MENJALANI sebuah kehidupan pernikahan, pastinya ada pasang surutnya. Bukan hanya masalah pertengkaran saja, namun hal kecil dalam pernikahan bisa memicu pertengkaran yang besar. 
Sebelum membahas bagaimana mengatasi kebosanan dalam rumah tangga, kita cari tahu dulu, yuk, penyebabnya apa sih?
 
Uang
Uang memang bukan segalanya, tetapi pada zaman sekarang jika tidak memiliki uang manusia pun tidak bisa berbuat apa-apa. Penyebab kebosanan berumah tangga juga bisa muncul jika pasangan tidak memiliki pemasukan keuangan yang cukup atau tergolong kurang. Memang, kewajiban suami adalah mencari nafkah untuk istri dan anak-anaknya. Namun, jika pendapatan dari suami tidak mencukupi kebutuhan keluarga, tidak ada salahnya jika istri membantu memenuhi pendapatan keluarga. Buatlah usaha yang bisa dilakukan di rumah tanpa harus keluar rumah. Misalnya, dengan berjualan makanan ringan, membuka online shop, dan lain sebagainya. Dengan adanya tambahan pemasukan keuangan dan kebutuhan utama dapat terpenuhi, maka kehidupan berumah tangga pun jadi terasa nyaman dan menyenangkan karena masalah keuangan dapat teratasi. Selain itu, untuk pasangan yang baru saja menikah segeralah membuat perencanaan keuangan keluarga untuk lima sampai sepuluh tahun ke depan demi kenyamanan berumah tangga.
 
Seksual
Hubungan seksual termasuk termasuk salah satu kebutuhan dalam pernikahan. Keharmonisan rumah tangga pun dapat dipastikan berjalan dengan baik bila kebutuhan biologis suami dan istri dapat terpenuhi. Perlu diingat, jika pasangan sedang stres dengan urusan kantor atau hal lain, lalu menolak diajak berhubungan. Karena merasa tidak terpuaskan maka pasangan pun jadi merasa bosan, sehingga mereka pun bisa pindah ke lain hati. Alasannya karena kebutuhan seksualnya tidak terpenuhi.
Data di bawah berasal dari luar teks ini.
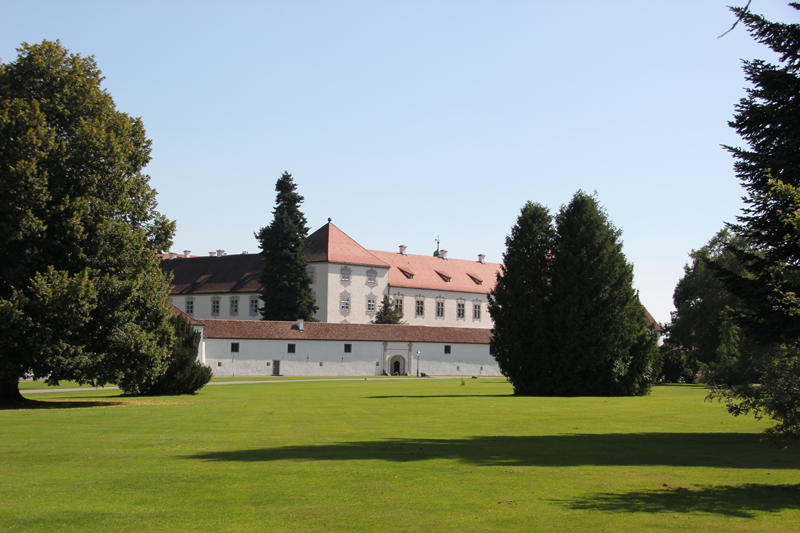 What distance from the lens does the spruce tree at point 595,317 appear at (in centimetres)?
3903

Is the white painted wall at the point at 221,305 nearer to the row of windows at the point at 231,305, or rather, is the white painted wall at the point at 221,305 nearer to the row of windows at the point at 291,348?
the row of windows at the point at 231,305

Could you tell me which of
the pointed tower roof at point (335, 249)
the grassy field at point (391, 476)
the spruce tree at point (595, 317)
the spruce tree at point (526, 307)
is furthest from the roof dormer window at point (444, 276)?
the grassy field at point (391, 476)

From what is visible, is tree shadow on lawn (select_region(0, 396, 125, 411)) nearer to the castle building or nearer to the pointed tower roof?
the castle building

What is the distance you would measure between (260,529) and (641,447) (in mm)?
9386

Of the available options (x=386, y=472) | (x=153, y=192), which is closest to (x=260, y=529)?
(x=386, y=472)

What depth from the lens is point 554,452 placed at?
43.1ft

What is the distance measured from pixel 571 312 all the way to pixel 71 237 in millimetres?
25806

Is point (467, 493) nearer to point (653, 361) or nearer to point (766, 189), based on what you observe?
point (766, 189)

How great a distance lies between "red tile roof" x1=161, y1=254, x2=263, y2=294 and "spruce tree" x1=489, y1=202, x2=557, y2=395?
4361cm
Oleh karena itu, adanya komunikasi dan saling pengertian sangat dibutuhkan dalam hubungan berumah tangga.
 
Usia mental
Sebenarnya usia tidak bisa dijadikan patokan penyebab pasangan merasa bosan dengan rumah tangganya. Kadang, jika usia kalendernya (usia sebenarnya) sudah sesuai untuk menikah, ternyata usia mentalnya (kematangan seseorang pada posisi usianya) justru masih seperti anak-anak maka hal itu tetap bisa memicu kebosanan berumah tangga. Bahkan, baru menikah beberapa bulan pun mereka bisa bercerai. Usia mental ini sangat dipengaruhi oleh lingkungan yakni dari pola asuh keluarganya.
 
Tersisih karena anak
Kehadiran anak yang bisa menyita waktu istri sehingga ia tidak lagi bisa memanjakan suaminya bisa dijadikan alasan pasangan merasa jenuh atau bosan. Ada beberapa suami yang merasa istri tidak lagi memerhatikannya karena sibuk mengurus anak. Tapi, bagi suami-suami yang yang spesial dan peka, kehadiran anak yang memang mereka harapkan bersama bukanlah penyebab kebosanan berumah tangga. Justru dengan adanya pembagian waktu dan saling bergantian mengurus anak maka dapat menambah kemesraan antara suami dan istri. Anaklah yang menyatukan Ayah dan Ibunya bukan malah merenggangkan.